Employees working in all facets of the construction industry face countless hazards every day. According to the Bureau of Labor Statistics, the industry accounts for approximately 19 percent of all workplace fatalities and 150,000 injuries every year. Creating the right safety program not only plays a pivotal role in your company’s success regardless of the services offered or the size of the organization, but it can be the difference between life and death.
Evaluating Your Safety Management Program
Measuring the effectiveness of a safety management program is as important as implementing one in the first place. There are two common measures employed in the construction industry to evaluate internal safety programs: leading indicators and lagging indicators. Both provide an overview of safety and performance. Leading indicators focus on future safety performance, measuring factors that indicate value and direction of the initiative, such as the number of new safety controls implemented, risk and hazard evaluation and potential job hazard analysis.
Lagging indicators measure facts and past events, such as the frequency and severity of injuries, workers’ compensation claims and lost workday rates due to injuries, fatalities or other job-related accidents. Both indicators provide data that plays an important role in workplace safety. However, they are not necessarily the most effective means of ensuring greater employee safety.
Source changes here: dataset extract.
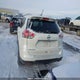 5N1AT2MVXGC832687 2016 Nissan Rogue S/Sl/Sv auction photo thumbnail 17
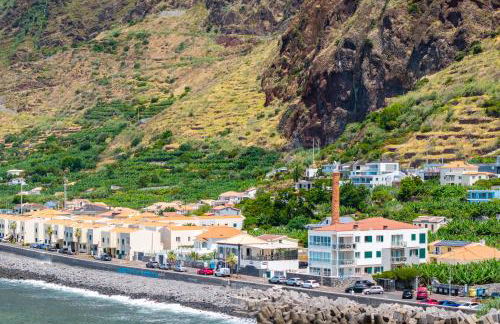 Conservas Loft by Madeira Dream Stays - Photo 41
In order to improve upon traditional safety management programs, your company should consider focusing on more than evaluating data. The company should also incentivize proactive employee participation in safety programs. Traditional safety management programs track efficiency based upon recordable injuries but don’t always place enough emphasis on identifying and understanding the cause of incidents.
Additionally, more outdated programs base employee incentives on documented incidents and injuries. This model leads to underreporting of hazardous situations, unsafe work conditions and worker injuries for fear of losing recognition as personnel who are upholding effective standards of safety.
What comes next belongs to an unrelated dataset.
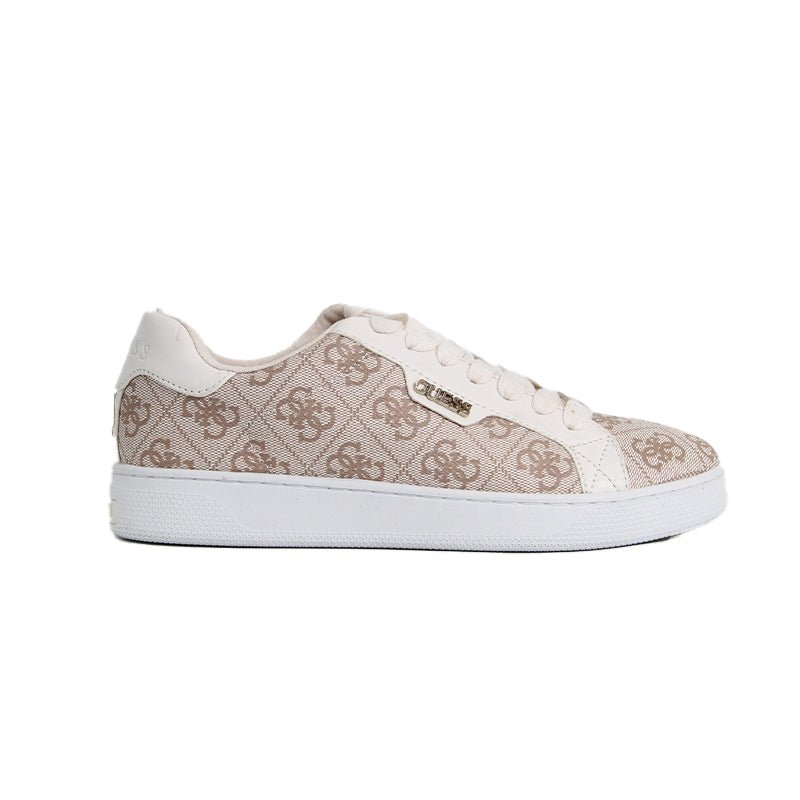 GUESS WOMEN SHOES Size 37 ROW156 - Runner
Whether your business is in the process of evaluating current safety policies and procedures or planning to establish and implement a new internal safety program, your company should consider expanding the traditional safety management program’s use of lagging and leading indicators by empowering employees to buy in to a culture of safety. Employees can provide a great deal of insight regarding workplace safety.
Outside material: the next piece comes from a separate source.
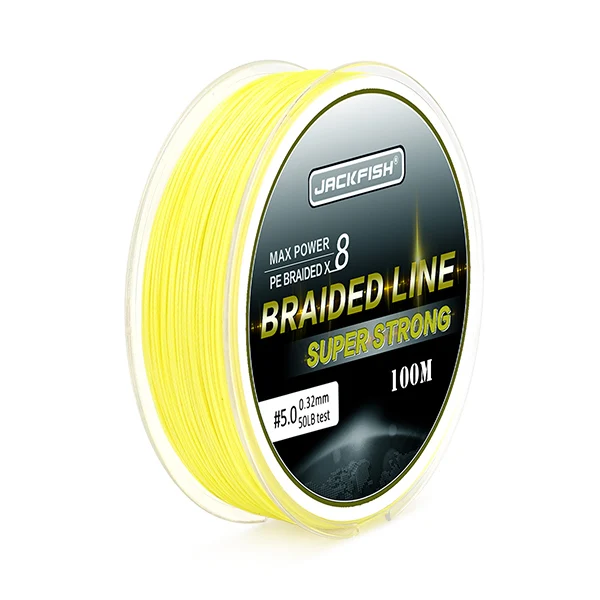 https://ae01.alicdn.com/kf/HTB1jujMLHrpK1RjSZTEq6AWAVXaC/JACKFISH-100m-8-Strand-PE-Braided-Fishing-Line-10-80LB-Multifilament-Fishing-Lines-For-Carp-Fishing.jpg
The incentives offered to employees are a powerful tool in cultivating a culture of safety. The focus should be on incentivizing pre-emptive hazard elimination rather than on valuing lagging indicators like zero-accident reporting. Instead of focusing on why accidents occurred, those involved in safety programs should prioritize the identification of ways to eliminate every accident imaginable.
Invite employees to participate in the development or revision of your safety program by sharing opinions and ideas. One way to motivate employee participation is to find out what incentives are of interest to them. This ensures employee buy-in because they feel empowered through a sense of ownership, particularly when the program’s incentives are fashioned after what they want. Actively involving your employees during the planning stages of your company’s safety management program is the first step to creating a sustainable culture of safety.
Once the incentives have been outlined, consider creating a scoring system whereby employees accumulate points by attending safety meetings and filing observation reports on hazard recognition, hazard elimination and observations of positive behavior on the jobsite. This approach shifts the responsibility of on-the-job safety to every member of the project team, not just the safety director. This system of two-way trust encourages all employees to uphold safety standards while the company supports any employee’s decision to stop work when conditions are unsafe. Even a simple preventative measure, such as removing a power cord lying across a walkway, should be enough to warrant stop-work calls by employees.
By empowering your employees through a culture of safety, your company can anticipate more safety-based conversations and more safety risks being corrected and reported. A safety director can’t be onsite for every job, but with an empowered safety team that includes everyone, your company’s safety director will have more time to review risks and build awareness programs.